President Buhari was speaking after a meeting with the governors of Nigeria's 36 states and Federal Capital Territory in Abuja who said they were more than $3 billion (2.6 billion euros) in debt. Buhari also claims that the previous administration of Goodluck Jonathan had left the treasury more or less empty.
DW: How is President Buhari going to recover the missing billions?
Lizzy Donnelly: The big question here is how he can even start. He is going to have to go back and review deals that were made, he will have to go back and review how transactions were carried out and how all this happened. This is extremely politically sensitive in Nigeria. It is very important but it will have to be managed with care. And it is the case that Nigeria is in financial difficulty, that the state governors are in debt, but part of this is about the so called missing billions from the Nigerian National Petroleum Corporation.
Is anybody prepared to estimate how much money he might be able to recover?

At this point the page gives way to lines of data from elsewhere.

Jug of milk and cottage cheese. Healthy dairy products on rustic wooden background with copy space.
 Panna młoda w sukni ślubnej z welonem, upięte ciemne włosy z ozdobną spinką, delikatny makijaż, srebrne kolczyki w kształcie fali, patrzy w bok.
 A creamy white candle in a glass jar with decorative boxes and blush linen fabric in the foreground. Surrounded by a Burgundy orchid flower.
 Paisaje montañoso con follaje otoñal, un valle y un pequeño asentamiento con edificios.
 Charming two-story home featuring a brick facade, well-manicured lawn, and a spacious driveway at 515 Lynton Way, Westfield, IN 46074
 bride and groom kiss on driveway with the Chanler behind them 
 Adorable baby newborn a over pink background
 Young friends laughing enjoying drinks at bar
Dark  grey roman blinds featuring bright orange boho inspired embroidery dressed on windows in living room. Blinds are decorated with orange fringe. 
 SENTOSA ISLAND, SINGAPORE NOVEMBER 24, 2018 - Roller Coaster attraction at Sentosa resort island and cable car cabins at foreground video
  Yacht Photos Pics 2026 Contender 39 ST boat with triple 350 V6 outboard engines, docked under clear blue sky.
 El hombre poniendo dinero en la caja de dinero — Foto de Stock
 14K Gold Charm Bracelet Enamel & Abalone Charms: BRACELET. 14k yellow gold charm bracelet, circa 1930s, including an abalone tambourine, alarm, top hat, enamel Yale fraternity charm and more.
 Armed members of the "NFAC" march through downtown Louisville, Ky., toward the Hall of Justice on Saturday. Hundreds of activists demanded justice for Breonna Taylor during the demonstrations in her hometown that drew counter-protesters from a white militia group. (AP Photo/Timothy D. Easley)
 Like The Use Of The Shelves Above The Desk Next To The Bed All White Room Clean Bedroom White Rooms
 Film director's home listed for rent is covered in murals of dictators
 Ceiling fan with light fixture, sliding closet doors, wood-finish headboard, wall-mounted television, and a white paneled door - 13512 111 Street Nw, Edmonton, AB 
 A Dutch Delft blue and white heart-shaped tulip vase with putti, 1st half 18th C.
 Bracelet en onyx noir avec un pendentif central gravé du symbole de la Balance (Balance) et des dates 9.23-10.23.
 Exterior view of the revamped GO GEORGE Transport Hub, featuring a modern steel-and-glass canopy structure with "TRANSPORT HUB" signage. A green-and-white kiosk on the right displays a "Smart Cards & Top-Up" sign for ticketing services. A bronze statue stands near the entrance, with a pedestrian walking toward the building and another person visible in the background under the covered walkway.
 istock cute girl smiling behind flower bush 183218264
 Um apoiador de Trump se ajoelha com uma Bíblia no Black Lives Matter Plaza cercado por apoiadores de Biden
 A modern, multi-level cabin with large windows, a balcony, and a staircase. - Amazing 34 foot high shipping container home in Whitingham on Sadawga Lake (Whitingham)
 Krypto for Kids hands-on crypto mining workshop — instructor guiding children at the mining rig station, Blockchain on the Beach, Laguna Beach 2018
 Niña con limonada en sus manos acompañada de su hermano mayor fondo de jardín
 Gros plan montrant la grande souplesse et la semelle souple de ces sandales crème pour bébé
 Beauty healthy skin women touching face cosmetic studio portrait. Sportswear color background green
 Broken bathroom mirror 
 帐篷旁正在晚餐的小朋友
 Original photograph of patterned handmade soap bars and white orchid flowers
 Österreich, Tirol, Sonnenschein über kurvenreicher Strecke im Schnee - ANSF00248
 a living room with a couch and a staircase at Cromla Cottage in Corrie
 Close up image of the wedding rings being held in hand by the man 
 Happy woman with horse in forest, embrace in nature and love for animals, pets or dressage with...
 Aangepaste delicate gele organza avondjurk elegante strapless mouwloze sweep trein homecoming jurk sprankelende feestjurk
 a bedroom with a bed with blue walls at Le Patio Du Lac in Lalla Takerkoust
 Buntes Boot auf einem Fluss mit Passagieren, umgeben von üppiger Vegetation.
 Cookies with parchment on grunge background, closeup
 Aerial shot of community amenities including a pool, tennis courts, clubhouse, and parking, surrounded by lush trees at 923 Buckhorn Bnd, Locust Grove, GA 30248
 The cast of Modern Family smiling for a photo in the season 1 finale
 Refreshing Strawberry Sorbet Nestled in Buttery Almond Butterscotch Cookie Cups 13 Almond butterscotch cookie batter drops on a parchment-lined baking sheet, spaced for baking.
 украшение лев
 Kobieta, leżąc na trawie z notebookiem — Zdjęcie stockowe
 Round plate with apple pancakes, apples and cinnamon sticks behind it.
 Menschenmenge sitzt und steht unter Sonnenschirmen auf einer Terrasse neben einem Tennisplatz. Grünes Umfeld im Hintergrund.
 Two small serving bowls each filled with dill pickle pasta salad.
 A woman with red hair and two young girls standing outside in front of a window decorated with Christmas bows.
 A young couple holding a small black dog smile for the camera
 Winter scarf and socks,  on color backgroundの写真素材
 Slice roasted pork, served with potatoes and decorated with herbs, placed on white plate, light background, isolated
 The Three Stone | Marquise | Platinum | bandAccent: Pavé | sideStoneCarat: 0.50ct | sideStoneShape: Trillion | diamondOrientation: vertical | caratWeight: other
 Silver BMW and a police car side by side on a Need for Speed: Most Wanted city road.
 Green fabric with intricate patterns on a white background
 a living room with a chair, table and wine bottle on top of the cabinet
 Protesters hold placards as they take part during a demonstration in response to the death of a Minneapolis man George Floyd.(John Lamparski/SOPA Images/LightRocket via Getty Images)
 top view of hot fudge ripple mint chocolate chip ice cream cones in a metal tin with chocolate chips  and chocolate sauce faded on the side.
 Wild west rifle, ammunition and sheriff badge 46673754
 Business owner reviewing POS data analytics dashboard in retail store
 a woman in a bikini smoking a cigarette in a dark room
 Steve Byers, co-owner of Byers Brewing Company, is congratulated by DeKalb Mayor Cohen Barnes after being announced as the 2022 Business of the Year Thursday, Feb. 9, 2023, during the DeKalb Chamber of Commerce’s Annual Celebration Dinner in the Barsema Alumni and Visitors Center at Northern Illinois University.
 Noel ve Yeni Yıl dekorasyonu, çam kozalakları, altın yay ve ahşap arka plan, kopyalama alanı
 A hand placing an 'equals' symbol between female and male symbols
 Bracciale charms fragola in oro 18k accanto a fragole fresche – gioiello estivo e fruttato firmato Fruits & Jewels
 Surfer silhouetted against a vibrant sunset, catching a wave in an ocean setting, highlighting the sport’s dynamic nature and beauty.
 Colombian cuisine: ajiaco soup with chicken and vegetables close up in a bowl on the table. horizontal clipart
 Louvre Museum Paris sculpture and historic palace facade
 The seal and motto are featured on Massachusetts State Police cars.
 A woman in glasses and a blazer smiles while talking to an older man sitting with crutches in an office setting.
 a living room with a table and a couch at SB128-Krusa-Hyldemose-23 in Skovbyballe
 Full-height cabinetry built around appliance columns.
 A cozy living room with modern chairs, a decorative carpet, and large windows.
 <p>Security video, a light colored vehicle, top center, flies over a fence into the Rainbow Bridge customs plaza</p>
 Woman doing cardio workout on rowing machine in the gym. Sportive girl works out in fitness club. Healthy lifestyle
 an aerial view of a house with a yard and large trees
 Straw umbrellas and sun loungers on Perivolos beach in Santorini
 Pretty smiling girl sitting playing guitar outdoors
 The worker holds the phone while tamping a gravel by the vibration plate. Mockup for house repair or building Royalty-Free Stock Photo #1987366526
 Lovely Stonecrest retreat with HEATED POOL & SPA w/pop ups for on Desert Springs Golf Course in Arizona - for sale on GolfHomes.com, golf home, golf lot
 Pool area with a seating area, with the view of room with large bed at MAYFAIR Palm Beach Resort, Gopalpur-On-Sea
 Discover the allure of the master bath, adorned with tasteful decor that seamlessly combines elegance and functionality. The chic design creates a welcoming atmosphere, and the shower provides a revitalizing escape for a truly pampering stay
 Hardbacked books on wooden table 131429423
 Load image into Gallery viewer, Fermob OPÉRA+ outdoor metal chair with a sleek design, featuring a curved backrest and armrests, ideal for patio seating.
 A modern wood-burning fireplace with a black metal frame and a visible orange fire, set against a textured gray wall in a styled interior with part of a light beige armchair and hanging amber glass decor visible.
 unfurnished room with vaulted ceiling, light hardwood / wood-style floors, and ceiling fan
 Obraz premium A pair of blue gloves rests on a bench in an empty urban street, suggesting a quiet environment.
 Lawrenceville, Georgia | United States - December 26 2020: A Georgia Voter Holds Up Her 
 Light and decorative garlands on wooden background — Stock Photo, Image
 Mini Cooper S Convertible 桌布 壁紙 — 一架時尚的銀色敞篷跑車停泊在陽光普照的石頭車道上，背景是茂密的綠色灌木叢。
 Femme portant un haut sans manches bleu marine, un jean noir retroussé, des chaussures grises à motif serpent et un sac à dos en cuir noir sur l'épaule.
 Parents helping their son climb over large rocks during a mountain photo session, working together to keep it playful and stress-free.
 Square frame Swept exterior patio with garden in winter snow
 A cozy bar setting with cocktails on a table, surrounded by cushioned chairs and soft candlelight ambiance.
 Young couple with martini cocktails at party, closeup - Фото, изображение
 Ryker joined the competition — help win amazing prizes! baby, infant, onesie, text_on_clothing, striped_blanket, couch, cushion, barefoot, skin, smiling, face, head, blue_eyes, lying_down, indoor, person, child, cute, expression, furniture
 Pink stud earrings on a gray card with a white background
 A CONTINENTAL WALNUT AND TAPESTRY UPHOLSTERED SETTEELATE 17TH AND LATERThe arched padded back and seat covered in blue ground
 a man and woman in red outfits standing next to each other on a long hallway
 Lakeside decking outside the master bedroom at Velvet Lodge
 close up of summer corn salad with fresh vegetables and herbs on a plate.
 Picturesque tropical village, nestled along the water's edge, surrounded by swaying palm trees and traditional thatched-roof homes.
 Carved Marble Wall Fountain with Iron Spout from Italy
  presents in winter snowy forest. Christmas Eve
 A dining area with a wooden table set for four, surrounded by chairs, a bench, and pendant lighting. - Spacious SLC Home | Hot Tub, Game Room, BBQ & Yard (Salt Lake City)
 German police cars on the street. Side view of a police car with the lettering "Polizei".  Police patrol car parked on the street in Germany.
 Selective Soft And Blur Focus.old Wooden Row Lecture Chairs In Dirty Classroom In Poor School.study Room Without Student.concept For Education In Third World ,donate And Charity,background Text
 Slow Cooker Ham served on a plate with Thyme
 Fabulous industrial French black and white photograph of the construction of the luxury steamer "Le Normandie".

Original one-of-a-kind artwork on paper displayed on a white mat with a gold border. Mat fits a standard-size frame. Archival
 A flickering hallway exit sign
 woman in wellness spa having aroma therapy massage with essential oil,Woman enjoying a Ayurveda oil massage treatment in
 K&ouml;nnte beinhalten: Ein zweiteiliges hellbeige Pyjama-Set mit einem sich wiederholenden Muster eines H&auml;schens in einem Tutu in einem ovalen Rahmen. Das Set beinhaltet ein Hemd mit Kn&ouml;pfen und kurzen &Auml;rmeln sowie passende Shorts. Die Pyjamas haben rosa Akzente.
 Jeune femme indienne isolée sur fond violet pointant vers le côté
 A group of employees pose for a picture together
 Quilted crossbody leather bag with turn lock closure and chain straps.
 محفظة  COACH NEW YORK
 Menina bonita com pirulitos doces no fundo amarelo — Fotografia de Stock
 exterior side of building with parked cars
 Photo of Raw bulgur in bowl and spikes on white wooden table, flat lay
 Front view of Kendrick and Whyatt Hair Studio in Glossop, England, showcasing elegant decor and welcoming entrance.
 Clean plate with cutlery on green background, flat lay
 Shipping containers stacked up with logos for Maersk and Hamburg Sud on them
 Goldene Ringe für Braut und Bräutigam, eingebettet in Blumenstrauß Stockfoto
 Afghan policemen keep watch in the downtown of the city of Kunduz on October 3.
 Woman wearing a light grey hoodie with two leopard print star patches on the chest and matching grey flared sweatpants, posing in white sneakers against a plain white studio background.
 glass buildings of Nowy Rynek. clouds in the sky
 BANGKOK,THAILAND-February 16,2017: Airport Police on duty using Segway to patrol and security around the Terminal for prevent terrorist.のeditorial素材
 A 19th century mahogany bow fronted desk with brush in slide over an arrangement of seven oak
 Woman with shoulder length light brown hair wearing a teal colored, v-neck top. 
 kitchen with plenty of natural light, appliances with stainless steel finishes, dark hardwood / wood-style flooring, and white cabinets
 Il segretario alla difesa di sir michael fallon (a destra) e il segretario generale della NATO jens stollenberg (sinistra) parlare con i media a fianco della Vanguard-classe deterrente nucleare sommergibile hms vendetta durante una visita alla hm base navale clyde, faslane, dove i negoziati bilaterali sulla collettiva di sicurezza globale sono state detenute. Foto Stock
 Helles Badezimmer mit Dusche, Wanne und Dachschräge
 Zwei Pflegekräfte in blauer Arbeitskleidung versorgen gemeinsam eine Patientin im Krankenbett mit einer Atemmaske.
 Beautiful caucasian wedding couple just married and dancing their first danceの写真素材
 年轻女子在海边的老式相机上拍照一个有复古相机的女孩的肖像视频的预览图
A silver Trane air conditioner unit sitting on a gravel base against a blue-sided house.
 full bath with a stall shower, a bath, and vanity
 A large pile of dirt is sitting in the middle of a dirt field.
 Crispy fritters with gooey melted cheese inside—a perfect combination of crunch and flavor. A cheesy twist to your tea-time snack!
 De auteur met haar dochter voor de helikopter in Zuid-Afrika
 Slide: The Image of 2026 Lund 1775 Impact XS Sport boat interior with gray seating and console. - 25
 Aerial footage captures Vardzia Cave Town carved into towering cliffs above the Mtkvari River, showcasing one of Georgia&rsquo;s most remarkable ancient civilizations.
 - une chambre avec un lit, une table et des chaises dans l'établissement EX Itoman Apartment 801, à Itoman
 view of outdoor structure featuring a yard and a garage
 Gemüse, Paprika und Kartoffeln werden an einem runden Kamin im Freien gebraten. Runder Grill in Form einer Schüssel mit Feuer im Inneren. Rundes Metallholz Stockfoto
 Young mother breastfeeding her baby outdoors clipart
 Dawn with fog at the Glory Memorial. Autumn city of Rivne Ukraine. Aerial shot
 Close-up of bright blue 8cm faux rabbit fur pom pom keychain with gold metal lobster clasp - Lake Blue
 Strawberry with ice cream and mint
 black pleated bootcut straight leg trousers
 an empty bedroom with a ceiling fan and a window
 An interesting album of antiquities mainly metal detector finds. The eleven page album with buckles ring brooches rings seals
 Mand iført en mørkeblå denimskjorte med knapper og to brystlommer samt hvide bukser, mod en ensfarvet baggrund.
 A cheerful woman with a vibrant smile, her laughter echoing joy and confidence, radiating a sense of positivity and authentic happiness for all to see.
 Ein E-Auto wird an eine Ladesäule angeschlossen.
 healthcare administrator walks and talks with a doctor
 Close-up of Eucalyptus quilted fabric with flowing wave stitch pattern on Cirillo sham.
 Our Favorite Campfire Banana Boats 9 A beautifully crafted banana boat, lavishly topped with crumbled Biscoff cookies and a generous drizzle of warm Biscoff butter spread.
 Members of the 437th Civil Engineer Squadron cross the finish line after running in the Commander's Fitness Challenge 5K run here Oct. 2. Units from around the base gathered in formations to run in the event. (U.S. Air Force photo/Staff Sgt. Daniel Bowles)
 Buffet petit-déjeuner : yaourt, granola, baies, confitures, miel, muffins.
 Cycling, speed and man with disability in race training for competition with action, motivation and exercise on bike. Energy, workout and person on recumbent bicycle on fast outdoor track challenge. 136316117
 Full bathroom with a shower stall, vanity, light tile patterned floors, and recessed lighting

No, I think it is too soon to say. It is really about what money and from where. And it is a very important question for this government: how will he approach this? He is known for anti-corruption credentials but the approach to this will be critical, will he take a more of a punitive approach, will there be high level investigations and prosecutions for corrupt behavior in the past, will this be about improving transparency, accountability, performance of government departments in the future? These are really important questions.
What shape or form are those investigations likely to take? We are assuming that he is serious about fighting corruption.
Yes, that is an assumption and it is an assumption that is well founded, based on his performance as military ruler in the 1980s. He took rather a heavy handed approach to anti-corruption. It is not clear yet what he will do with the tools at his disposal to progress such investigation. There is, of course the Economic and Financial Crimes Commission, it has yet to be seen what he will do with that. He is in a difficult condition, he may seek to rise above the politics inherent in this but it will at some point be perceived as political. He will need to tread very carefully but certainly Nigeria is in need of money. Its fiscal revenues have dropped significantly with the drop in the crude oil prices. It is certainly in need of greater transparency and efficiency and better performing government departments. But these are big steps to be taken. So he will need to proceed with caution, urgent and important as it is.
Is the fall in the price of oil the main reason for Nigeria's fiscal difficulties?
It is part of it, but no, at the peak of oil prices there were not particularly better development outcomes. This is more about the management of money than the availability of money. Now it is a problem that the coffers are nearly empty, civil servants do need to be paid and one of the big questions going forward for Nigeria on an anti-corruption drive is actually:how do you disincentivize corrupt activity?
Buhari says he wants to restore sanity to the financial system. Presumably this means persuading people to obey the rules when handling government money and staying on the right side of the law. Is that how you see it?
Yes, this will be very much about the rule of law and accountable governance. It will be about smart decision-making. There has been huge wastage in the past in Nigeria. So this is also about priorities, where do you spend your money? There are critical reforms that need to be taken forward, very expensive reforms.
Liz Donnelly is an expert on Nigeria at Chatham House, London.